Concernant ce dernier point, il convient de préciser que les modalités d’imposition des meublés de tourisme ont été réformées dans le cadre de la loi de finances pour 2024.  

Cette réforme maintenue « par erreur » devrait faire l’objet de modifications. Pour plus d’informations à ce sujet, nous vous renvoyons vers le bulletin Loi de Finances pour 2024 : que reste-t-il à l’issue des différents “49.3 rédigé par notre département ORI. 

Léa Baquier


Réforme à venir du prêt à taux zéro (PTZ) : l’assouplissement des conditions d’éligibilité au profit de 6 millions de ménages supplémentaires

Par un communiqué de presse en date du 18 octobre 2023, le ministre de l’Économie, Monsieur Bruno Lemaire, a annoncé une prolongation du prêt à taux zéro jusqu’en 2027, ainsi qu’une refonte de ce dispositif dès janvier 2024. L’objectif poursuivi par le Gouvernement consiste en l’assouplissement des conditions d’accès au PTZ, afin d’en faire bénéficier davantage de foyers.  

Les changements attendus consistent en :  

  • Le reclassement de 209 communes qui seront désormais considérées comme des zones tendues et ainsi mieux aidées par le prêt ; 
  • Le rehaussement substantiel de certains plafonds de revenus prévu pour l’éligibilité au dispositif.
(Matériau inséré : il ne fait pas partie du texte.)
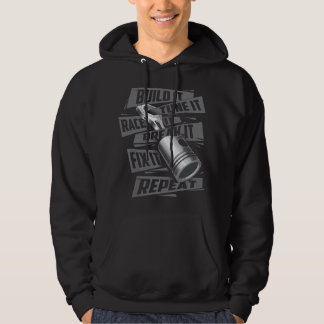Moletom Build It Tune It Race It Break It - Race Car Enthu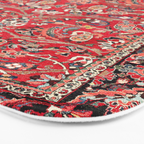 Bakhtiari Persian Floral Rug Print Bath Mat Gallery Image 3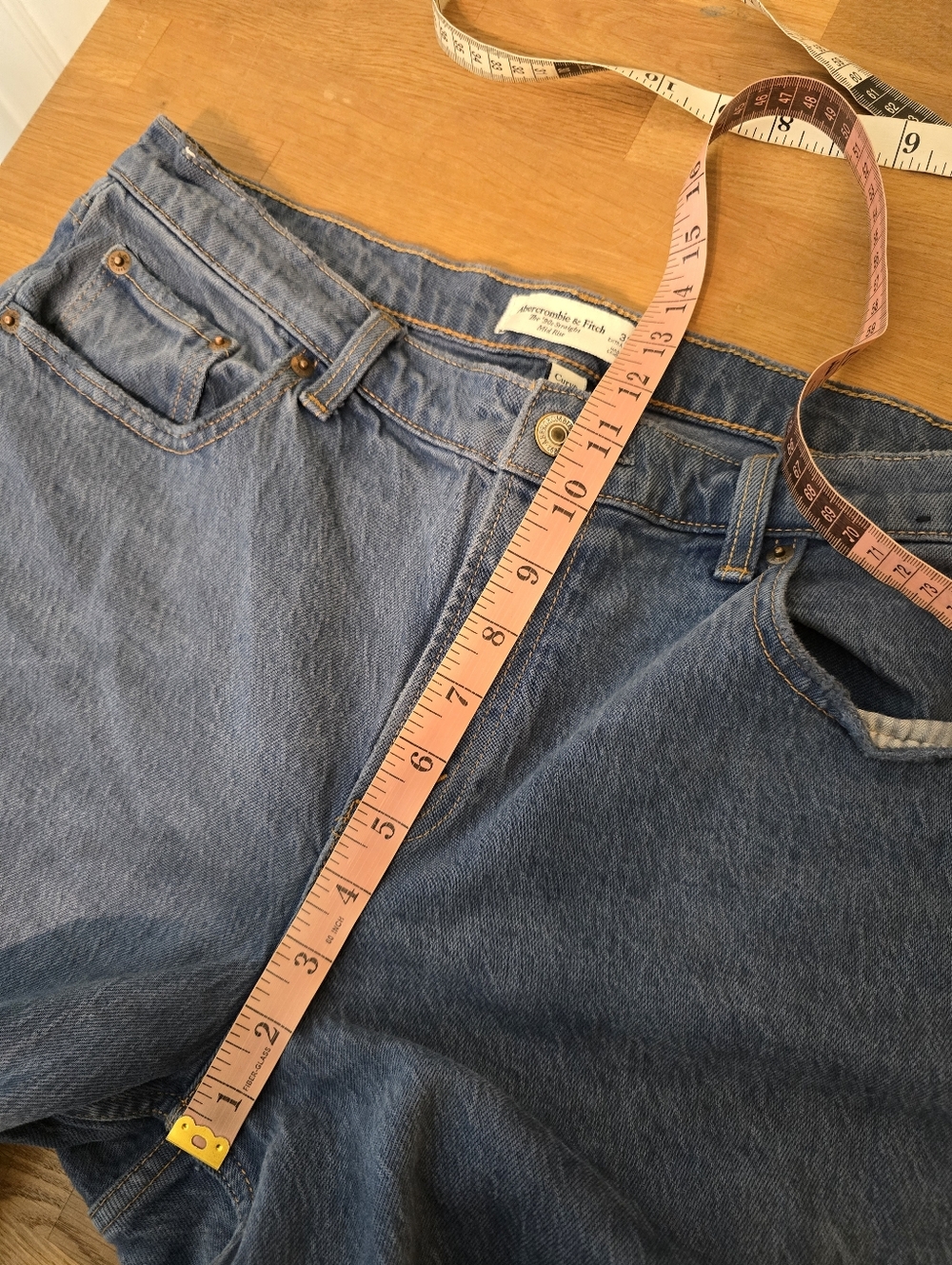Abercrombie & Fitch Curve Love The '90s Straight Mid Rise Jean 31XL - Picture 11 of 13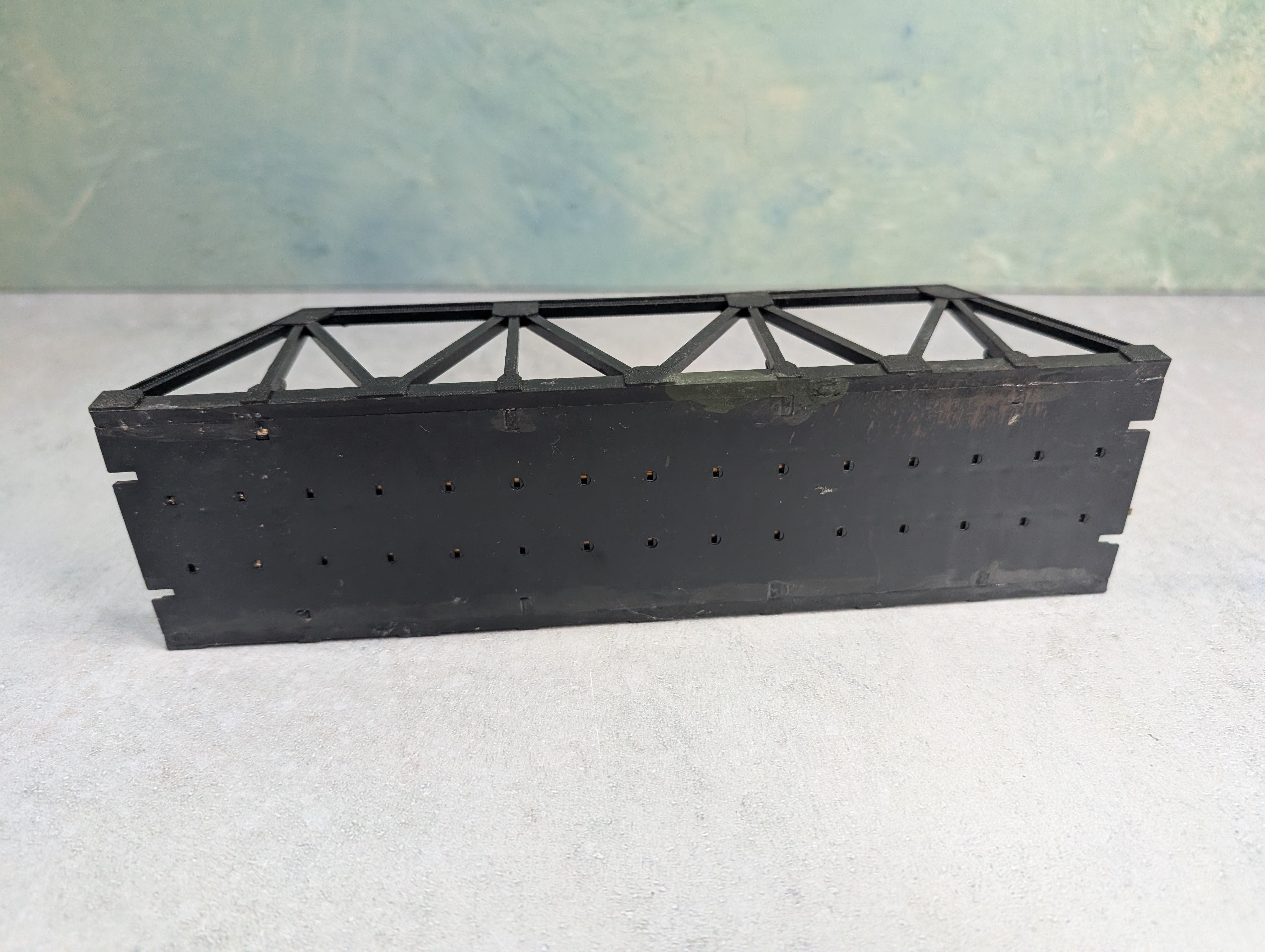 USED HO Scale Bridge with Brass Rerailer Track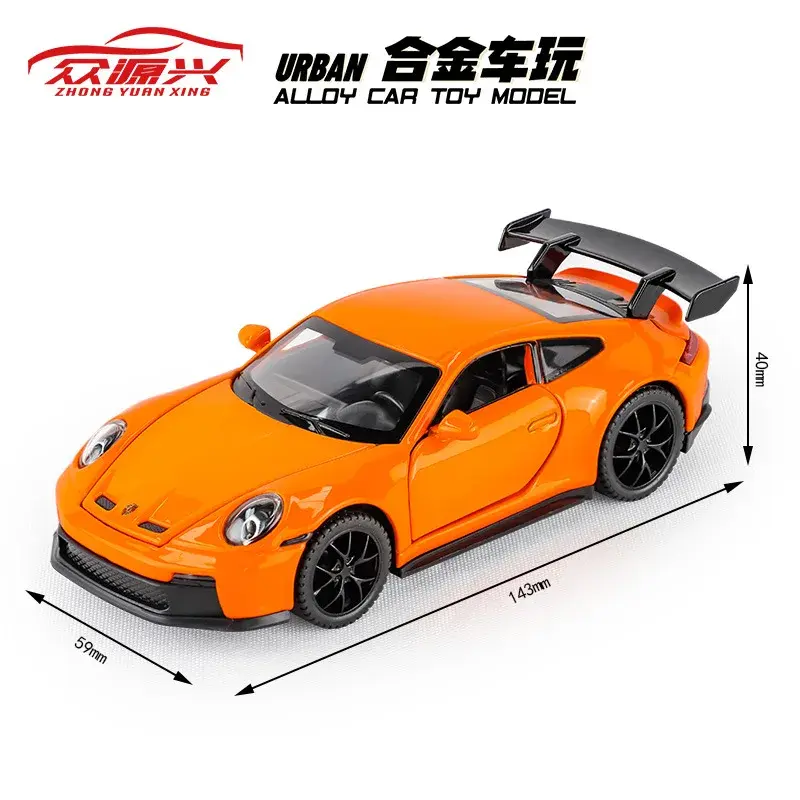 Thumbnail: 1:32 Porsche 911 GT3 High Simulation Diecast Metal Alloy Model car Sound Light P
Ces augmentations seraient comprises entre 7 % à 30 % selon les zones, s’agissant des deux premières tranches de revenus ; 
  • La création d’une quatrième tranche de revenus pour les ménages dont les ressources sont comprises entre 37 000 et 49 000 € par an. Ces ménages disposeront d’un financement à taux zéro à hauteur de 20 % du prix du bien ; 
  • L’augmentation de la quotité maximale associée au PTZ qui passe de 40 % à 50 %. Cela permettra ainsi de financer jusqu’à 50 % du coût total du bien immobilier ; 
  • L’augmentation de l’aide de l’État pour les locataires de logement social qui bénéficieront d’un PTZ à hauteur de 20 % (contre 10 % actuellement) ; 
  • L’exclusion des maisons individuelles neuves du dispositif. 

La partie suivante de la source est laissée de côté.